Task goal -> Return every entry below exactly as written, minus the pictures.

[Data extracted from a collection]
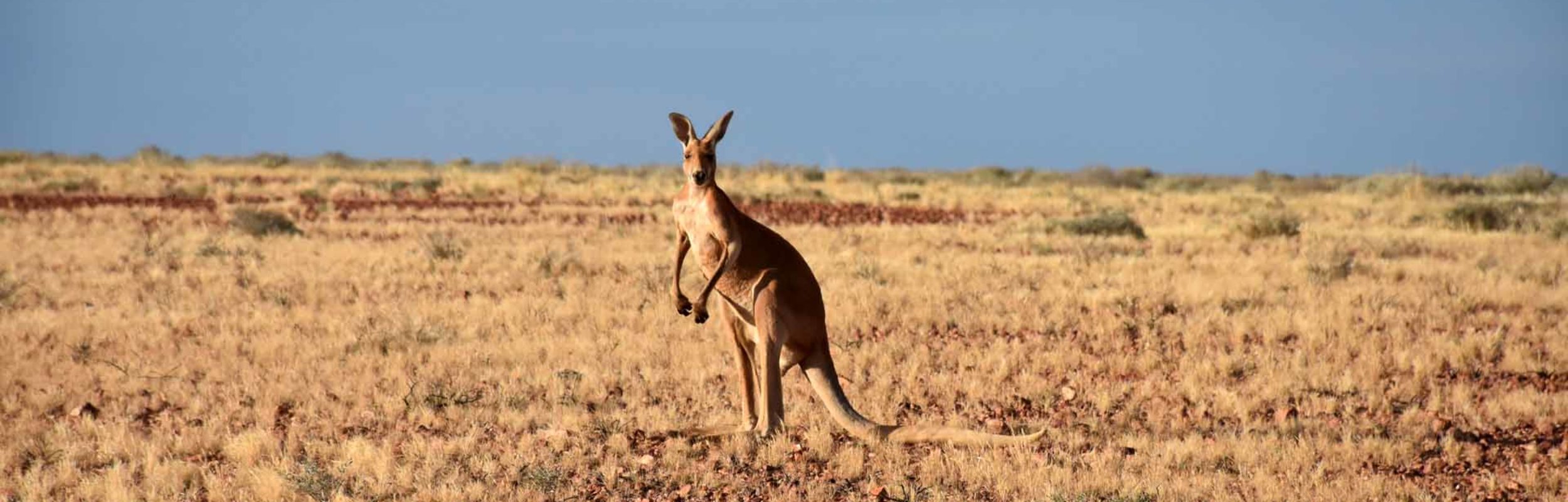 Australie – Red Center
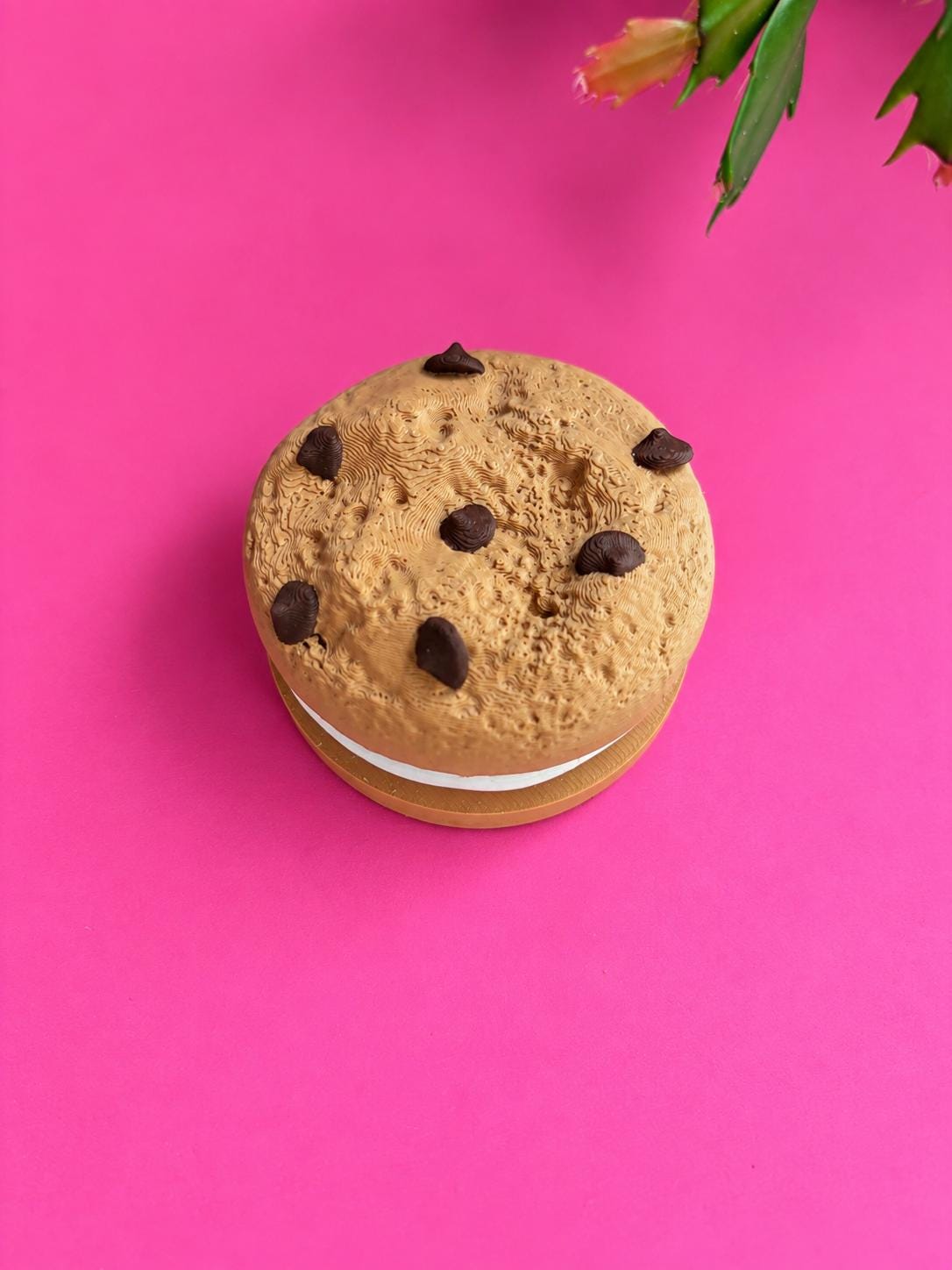 Chocolate Chip Cookie 7 Day Pill Organizer – Weekly Medication Case with Individual Containers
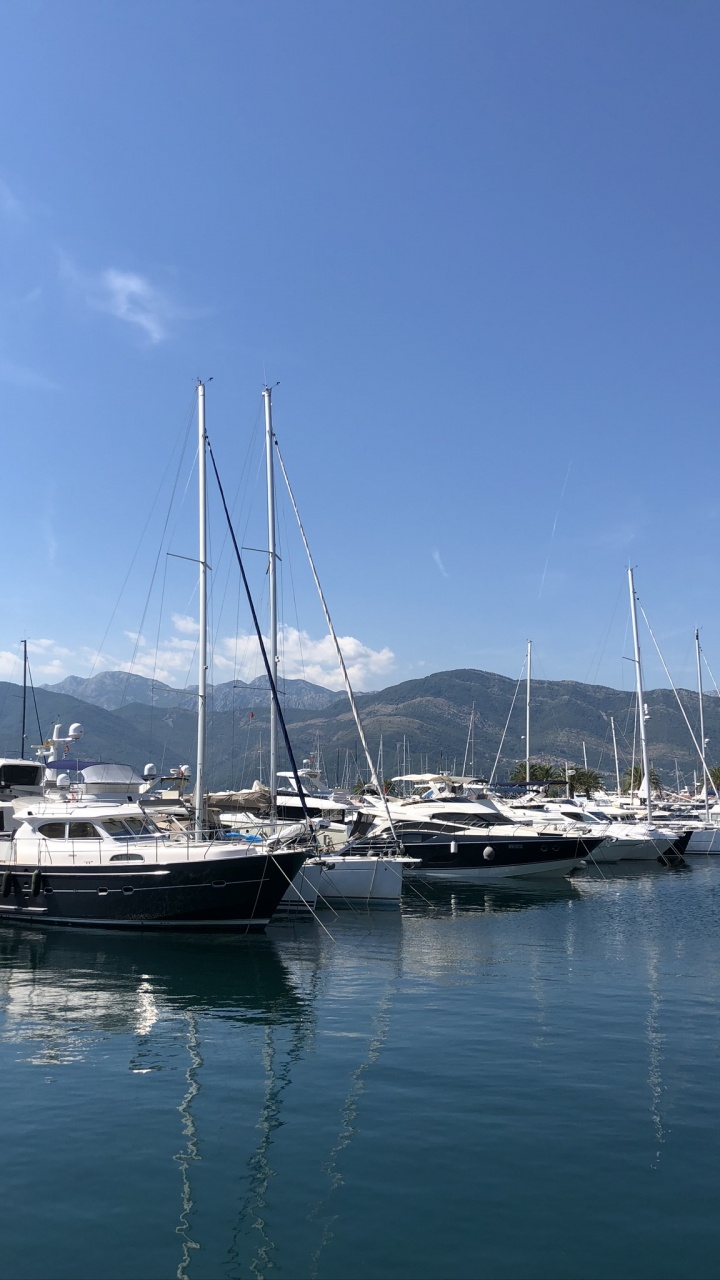 Marina, Sail, Yacht, Mast, Body of Water. Wallpaper in 720x1280 Resolution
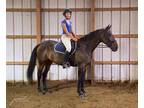 Peripheral Vision Standardbred Adult - Adoption, Rescue
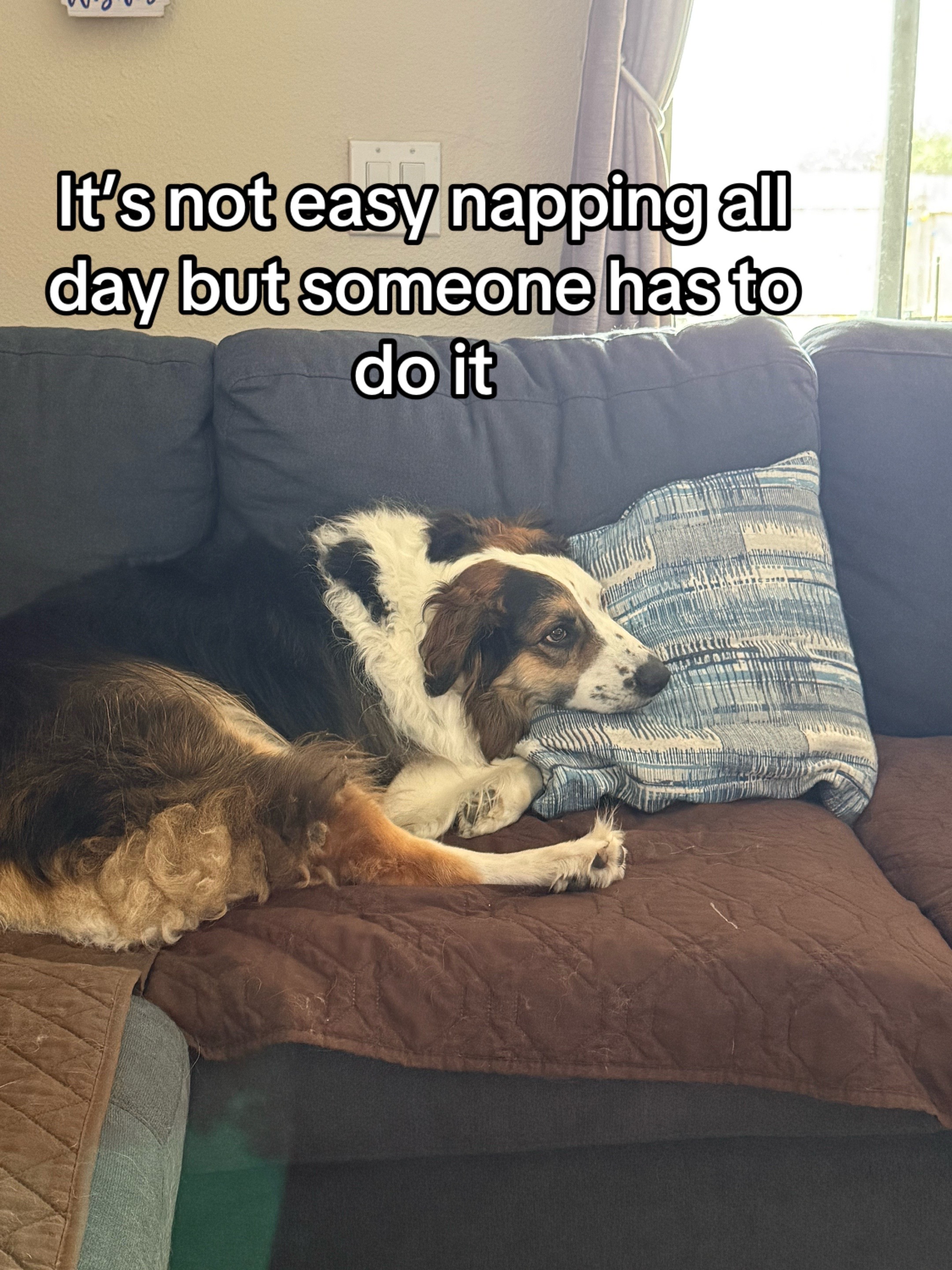 @hankanddollyrescuedogs
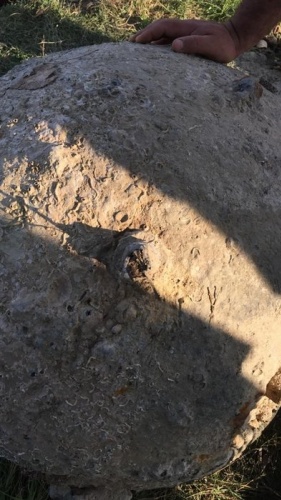 Balıkçıların ağına takılan şok etti 10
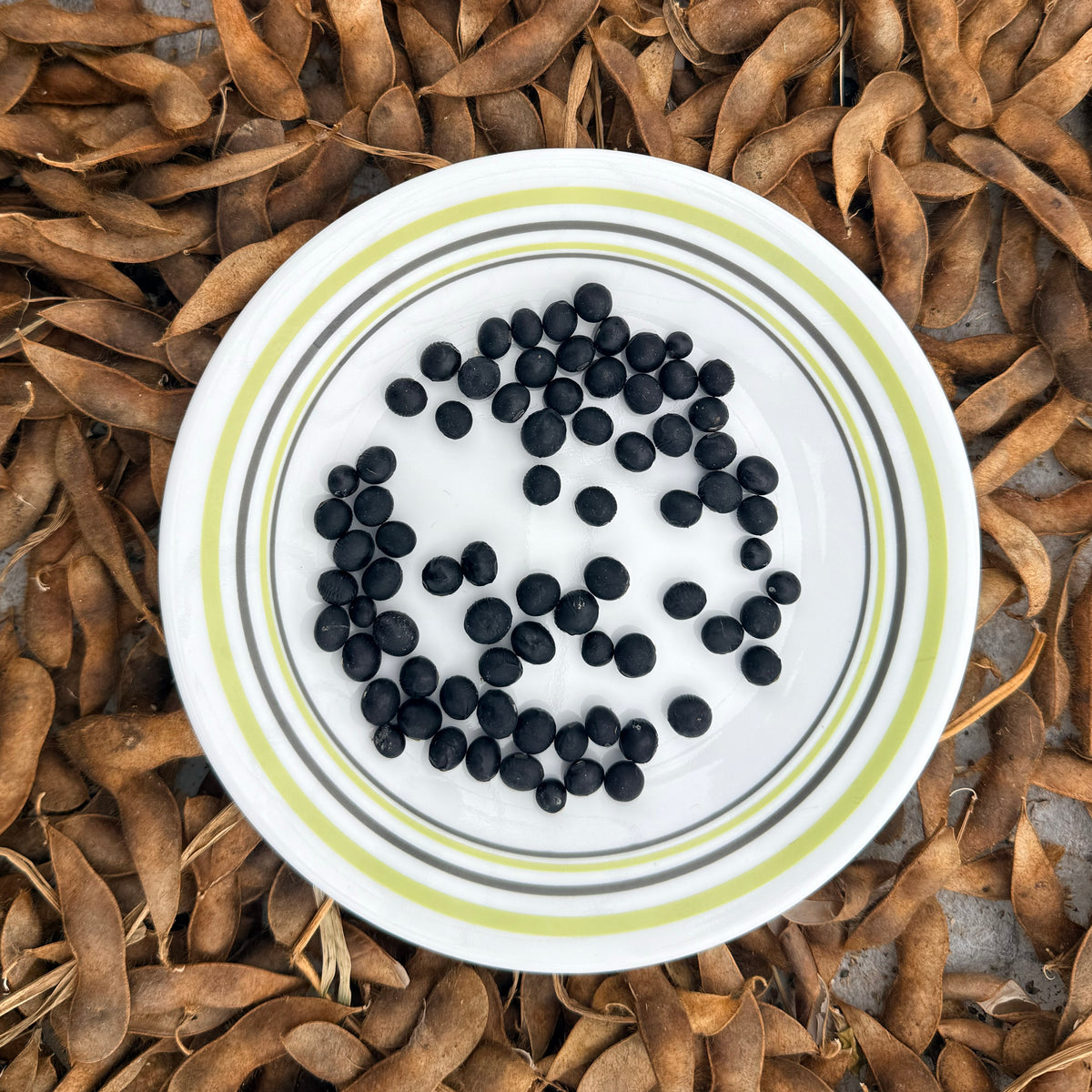 Panther Edamame Soybean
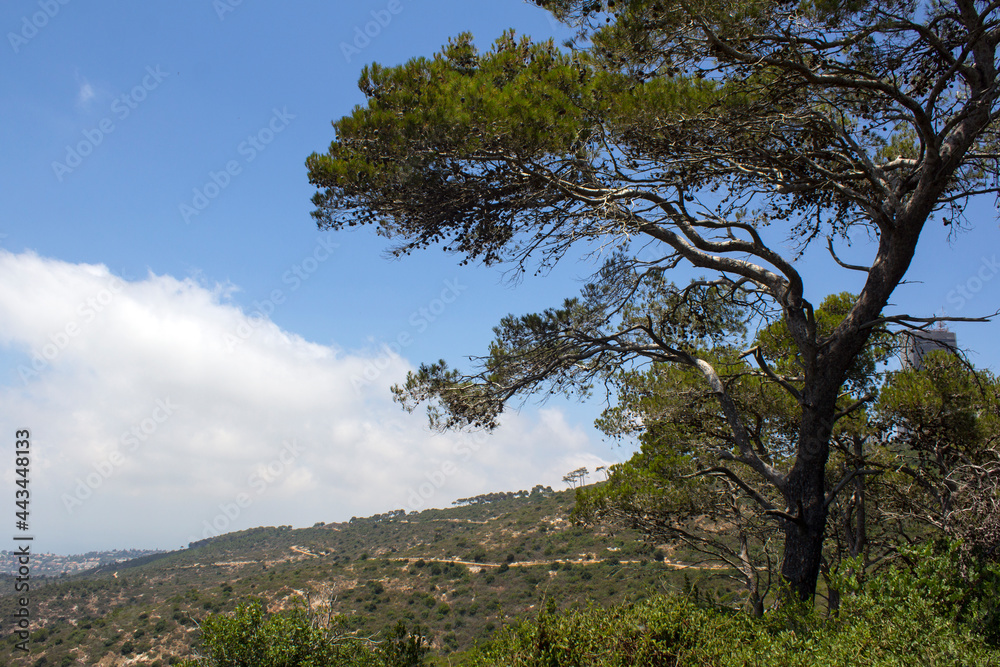 Beautiful tree on a hill. Blue cloudy sky on background. Summer in Israel. Blank space for text.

Response ->
 Australie – Red Center
 Chocolate Chip Cookie 7 Day Pill Organizer – Weekly Medication Case with Individual Containers
 Marina, Sail, Yacht, Mast, Body of Water. Wallpaper in 720x1280 Resolution
 Peripheral Vision Standardbred Adult - Adoption, Rescue
 @hankanddollyrescuedogs
 Balıkçıların ağına takılan şok etti 10
 Panther Edamame Soybean
 Beautiful tree on a hill. Blue cloudy sky on background. Summer in Israel. Blank space for text.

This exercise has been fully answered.